EXERCISE DETAILS >> Could you transcribe exactly the lines from the one containing "Omaha Queen Lgbtq" through the end of the listing below, both included, but none of the pictures?

COLLECTED DATA >>
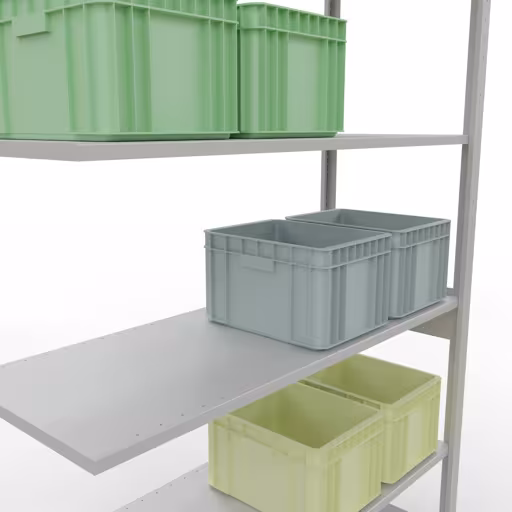 Immagine aggiuntiva dell'articolo Ripiano aggiuntivo, scaffale MULTIplus150 sistema a innesto, 2500 x 1300 x 500 mm (AxLxP), 6 ripiani, barra longitudinale, RAL 7035 grigio chiaro da ripiano aggiuntivo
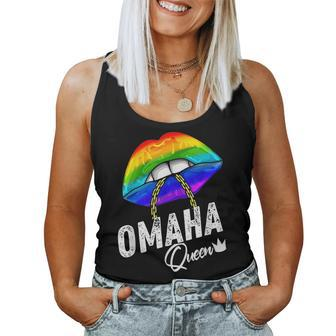 Omaha Queen Lgbtq Gay Pride Rainbow Flag American Usa Women Tank Top | Mazezy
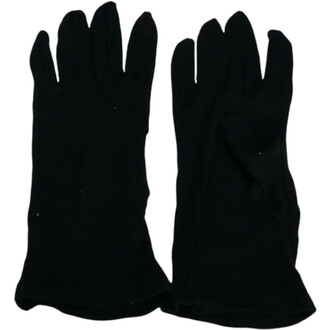 Gants de scène noirs en tissu, présentés à plat, montrant deux gants avec des doigts séparés et une coupe classique.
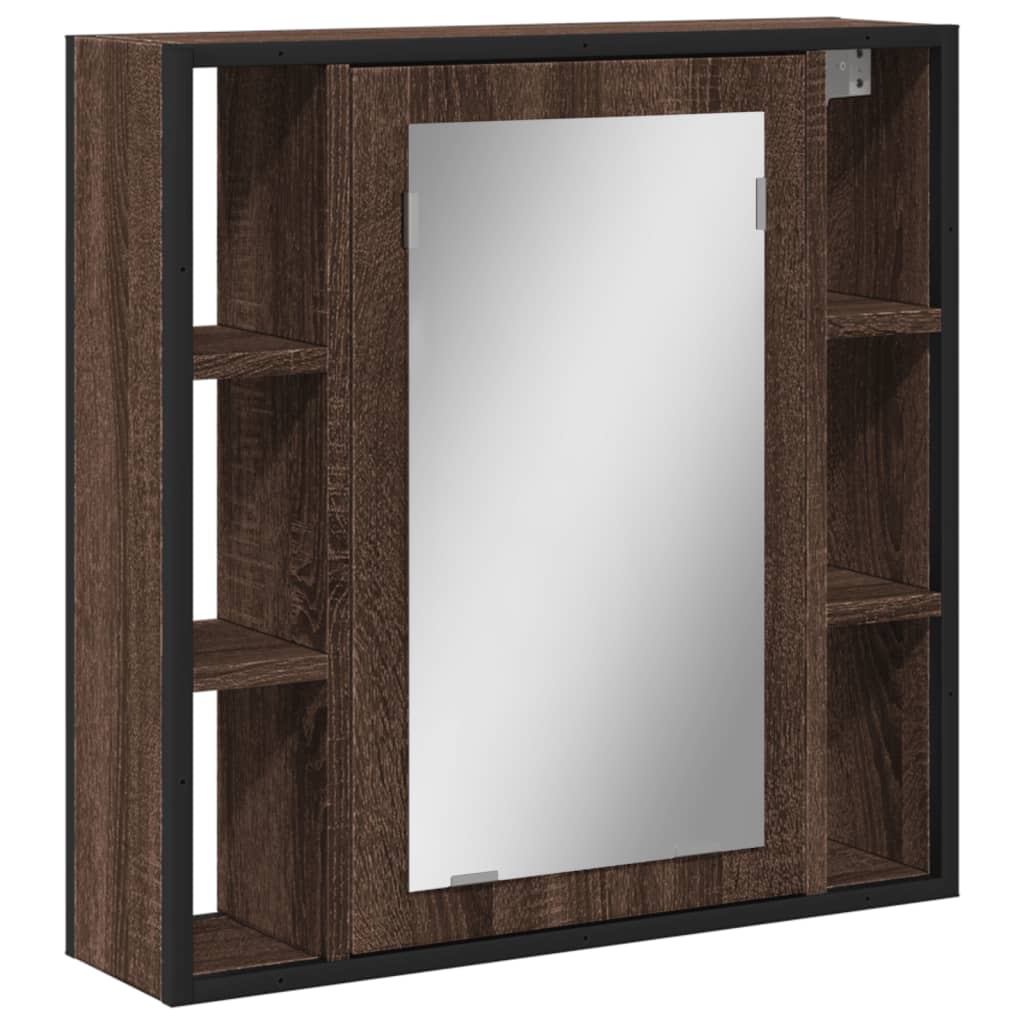 Bad-Spiegelschrank Braun Eiche-Optik 60x16x60cm Holzwerkstoff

OUTPUT FOR THIS EXERCISE >>
 Omaha Queen Lgbtq Gay Pride Rainbow Flag American Usa Women Tank Top | Mazezy
 Gants de scène noirs en tissu, présentés à plat, montrant deux gants avec des doigts séparés et une coupe classique.
 Bad-Spiegelschrank Braun Eiche-Optik 60x16x60cm Holzwerkstoff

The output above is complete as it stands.